Example Workflow Steps

  1. Trigger (sheet row update): Any update to a row in the 'Sales Orders' tab.
  2. Step 1 (code): Qualify the dispatch — status just became 'Dispatched', carrier matches the Carriers tab, tracking_number is non-empty, dispatched_at is set, and this so_number is not already in the Dispatch Log.
  3. Step 2 (conditional): If the row half-qualifies (e.g. carrier set but unknown, or tracking missing), post a Slack note in #dispatch asking the operator to correct it and exit without drafting.
  4. Step 3 (integration): Render a packing list Google Doc in the 'Dispatch Notes' Drive folder using the company address, ship-to address, line table, dispatched_at, carrier, and tracking number.
  5. Step 4 (code): Substitute the tracking_number into the carrier's tracking_url_template to build the customer-facing tracking URL.
  6. Step 5 (integration): Draft the customer email in Gmail with the tracking link and line summary, or skip the draft and mark the log row 'Skipped — no email on file' if customer_email is empty.
  7. Step 6 (integration): Append a row to the 'Dispatch Log' tab with packing_list_doc_link, customer_email_link, notification_status 'Drafted — awaiting send', and sent_at empty; on send-detection, set notification_status to 'Sent' and populate sent_at with the send timestamp.
  8. Step 7 (integration): At 5pm every working day, post the dispatch summary in #dispatch on Slack — notified, awaiting send, no email on file, and Picked-but-not-dispatched lingerers.

Integrations Used

  • Google Sheets — the Sales Orders, Carriers, Company Settings, and Dispatch Log tabs
  • Google Docs — renders the packing list Google Doc that the operator prints for the box
  • Google Drive — stores the packing list Google Docs in the Dispatch Notes folder
  • Gmail — drafts the customer dispatch confirmation and watches the Sent folder for send detection
  • Slack — the #dispatch end-of-day summary

Who This Is For

The dispatch desk at a small manufacturer or distributor — typically one or two people who pick orders, book the carrier through whichever portal the carrier uses, and then need to tell the customer and the office that the order has shipped.
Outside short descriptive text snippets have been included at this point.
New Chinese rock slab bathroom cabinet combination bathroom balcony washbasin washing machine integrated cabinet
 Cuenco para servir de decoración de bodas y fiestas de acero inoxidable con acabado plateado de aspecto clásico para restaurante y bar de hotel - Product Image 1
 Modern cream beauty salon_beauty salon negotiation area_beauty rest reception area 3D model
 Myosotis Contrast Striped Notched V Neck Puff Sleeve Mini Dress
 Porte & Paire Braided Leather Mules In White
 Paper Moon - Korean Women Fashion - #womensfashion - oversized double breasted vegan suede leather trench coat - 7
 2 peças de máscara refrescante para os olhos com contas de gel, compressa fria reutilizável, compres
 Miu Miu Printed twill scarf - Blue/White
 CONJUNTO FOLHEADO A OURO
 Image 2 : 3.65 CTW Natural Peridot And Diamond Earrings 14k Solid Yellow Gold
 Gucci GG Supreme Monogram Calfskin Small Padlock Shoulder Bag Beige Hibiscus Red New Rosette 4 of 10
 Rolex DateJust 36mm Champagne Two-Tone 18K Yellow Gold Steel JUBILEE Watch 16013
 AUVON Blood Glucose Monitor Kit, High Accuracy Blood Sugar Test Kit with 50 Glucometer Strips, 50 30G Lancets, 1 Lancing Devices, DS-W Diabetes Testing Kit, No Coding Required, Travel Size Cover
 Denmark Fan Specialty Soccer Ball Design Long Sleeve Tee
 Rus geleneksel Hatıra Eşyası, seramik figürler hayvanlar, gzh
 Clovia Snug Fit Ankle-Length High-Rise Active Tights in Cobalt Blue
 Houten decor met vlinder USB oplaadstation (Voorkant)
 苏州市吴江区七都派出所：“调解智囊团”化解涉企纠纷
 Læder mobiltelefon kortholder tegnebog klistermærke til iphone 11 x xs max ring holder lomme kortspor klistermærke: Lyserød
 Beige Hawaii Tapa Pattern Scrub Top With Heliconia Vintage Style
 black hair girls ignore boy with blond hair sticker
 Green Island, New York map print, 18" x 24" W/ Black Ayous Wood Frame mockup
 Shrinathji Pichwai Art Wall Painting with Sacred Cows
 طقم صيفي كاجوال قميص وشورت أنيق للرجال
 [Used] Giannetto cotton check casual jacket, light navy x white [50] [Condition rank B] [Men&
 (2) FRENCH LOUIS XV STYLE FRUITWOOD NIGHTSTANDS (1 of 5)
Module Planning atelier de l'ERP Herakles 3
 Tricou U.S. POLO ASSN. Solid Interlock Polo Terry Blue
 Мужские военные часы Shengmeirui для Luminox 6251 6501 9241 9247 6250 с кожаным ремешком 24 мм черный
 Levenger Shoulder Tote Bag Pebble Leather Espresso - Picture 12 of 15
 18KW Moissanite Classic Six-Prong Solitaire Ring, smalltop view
The workflow assumes the operator owns the carrier booking; this is about the comms and the paperwork that follow.

Time & Cost Saved

A dispatch day with twenty orders is roughly an hour of paperwork done well — packing lists printed, tracking emails composed, dispatch log updated. The workflow turns it into a couple of minutes of reviewing each draft before clicking send. The bigger gain is the customer comms going out the same day the order ships rather than the next morning when someone has time, and the dispatch log being complete by 5pm rather than reconstructed on Monday.